THE TASK =>
Once the line with "Check In Qld app for IKD-Karate- Australia" is found in the entries below, repeat it and each following line exactly, up to and including the line with "Palladium Revolt HI". Add no other lines.

Dataset excerpts:

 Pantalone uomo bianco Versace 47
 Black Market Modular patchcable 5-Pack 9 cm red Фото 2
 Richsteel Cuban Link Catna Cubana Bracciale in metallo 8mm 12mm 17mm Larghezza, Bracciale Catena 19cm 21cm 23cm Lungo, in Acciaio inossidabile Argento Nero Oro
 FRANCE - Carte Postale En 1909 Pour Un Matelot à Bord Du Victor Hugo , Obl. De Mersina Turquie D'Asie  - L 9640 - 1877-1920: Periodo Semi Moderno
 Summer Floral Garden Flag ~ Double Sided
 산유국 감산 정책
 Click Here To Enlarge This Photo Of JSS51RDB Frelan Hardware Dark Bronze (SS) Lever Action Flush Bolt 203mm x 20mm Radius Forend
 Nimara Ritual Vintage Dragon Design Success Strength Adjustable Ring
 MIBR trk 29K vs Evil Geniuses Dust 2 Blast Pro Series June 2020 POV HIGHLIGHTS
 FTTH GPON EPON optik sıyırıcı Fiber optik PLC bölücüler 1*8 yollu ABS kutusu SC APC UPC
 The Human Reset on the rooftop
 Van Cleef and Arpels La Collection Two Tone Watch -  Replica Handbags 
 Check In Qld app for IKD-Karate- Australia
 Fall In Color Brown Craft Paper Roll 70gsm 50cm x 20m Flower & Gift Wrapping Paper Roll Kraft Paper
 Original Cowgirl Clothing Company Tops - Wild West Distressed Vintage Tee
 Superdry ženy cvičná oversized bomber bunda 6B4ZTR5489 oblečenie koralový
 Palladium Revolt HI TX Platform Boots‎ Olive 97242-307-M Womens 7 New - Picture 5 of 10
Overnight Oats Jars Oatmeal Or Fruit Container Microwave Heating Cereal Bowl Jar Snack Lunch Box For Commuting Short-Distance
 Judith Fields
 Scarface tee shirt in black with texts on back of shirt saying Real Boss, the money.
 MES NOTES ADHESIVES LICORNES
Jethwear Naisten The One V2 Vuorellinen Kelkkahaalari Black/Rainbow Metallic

RESPONSE =>
 Check In Qld app for IKD-Karate- Australia
 Fall In Color Brown Craft Paper Roll 70gsm 50cm x 20m Flower & Gift Wrapping Paper Roll Kraft Paper
 Original Cowgirl Clothing Company Tops - Wild West Distressed Vintage Tee
 Superdry ženy cvičná oversized bomber bunda 6B4ZTR5489 oblečenie koralový
 Palladium Revolt HI TX Platform Boots‎ Olive 97242-307-M Womens 7 New - Picture 5 of 10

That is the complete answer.